Add support for processing Kubernetes list from "kubectl"

kohtala commented 2 years ago

What did you do?

kubectl get -A all -o yaml > k8s.yml
go get github.com/patrickdappollonio/kubectl-slice
~/go/bin/kubectl-slice -f k8s.yml -o .

It installed v1.1.0.

What did you expect to see?

The list items be split to individual files.

What did you see instead?

One list-.yml file equal to the k8s.yml.

patrickdappollonio commented 2 years ago

Hey @kohtala appreciate the report!

This is an interesting one. Mainly because the output is not a "multi YAML" but instead a Kubernetes resource of type List. We could split it too but I think we might have to introduce either a check-before-processing or a flag to make it work.

If you have any preference on that, happy to hear it! It's not a hard or difficult feature to implement at all!

kohtala commented 2 years ago

Thanks. The List is not any kind of resource. I searched for documentation and found some in the API Concepts

Keep in mind that the Kubernetes API does not have a kind named List.

kind: List is a client-side, internal implementation detail for processing collections that might be of different kinds of object. Avoid depending on kind: List in automation or other code.

So I think it should be safe to perform this processing by default. I believe there also is never a name property. It is best if the README.md were clear it handles by default both kinds of lists.

A flag to disable the feature might become necessary, if someone finds they need to split lists out of a multi YAML. But I believe this to be rare. But I've been wrong before.

patrickdappollonio commented 2 years ago

Yes, sorry, I used the "Kubernetes object" very loosely. It is a definition/spec in the kubectl app so it's easier to word it that way, although inaccurate.

My main concern is also outlined in what you shared, especifically:

Avoid depending on kind: List in automation or other code.

What this means is that the implementation might change.

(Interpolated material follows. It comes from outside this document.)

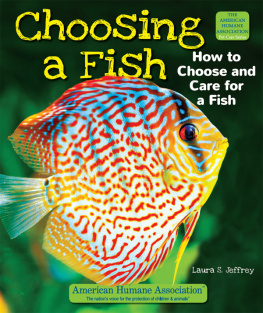 Laura S. Jeffrey - Choosing a Fish: How to Choose and Care for a Fish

It could help us with the direction though, perhaps the way to go is having something like:

kubectl-slice -f k8s.yaml --as-list -o .

Where the --as-list would process it.

My concern to not auto-add this feature is because we are parsing multi-yamls, so something like this:

file1: true
---
file2: true
---
file3: false

And the List kind does not match this input, so it generates some sort of a side consequence (as in, now you have to educate and say "btw! remember that tool that splits multi-yamls? well you can also feed in a List and it'll work too!).

Open to hear your thoughts around it! You mention at the end to have the feature opt-out (as in, process List like if it was any other multi-yaml) while I suggest it as opt-in with --as-list. Curious to know your use case!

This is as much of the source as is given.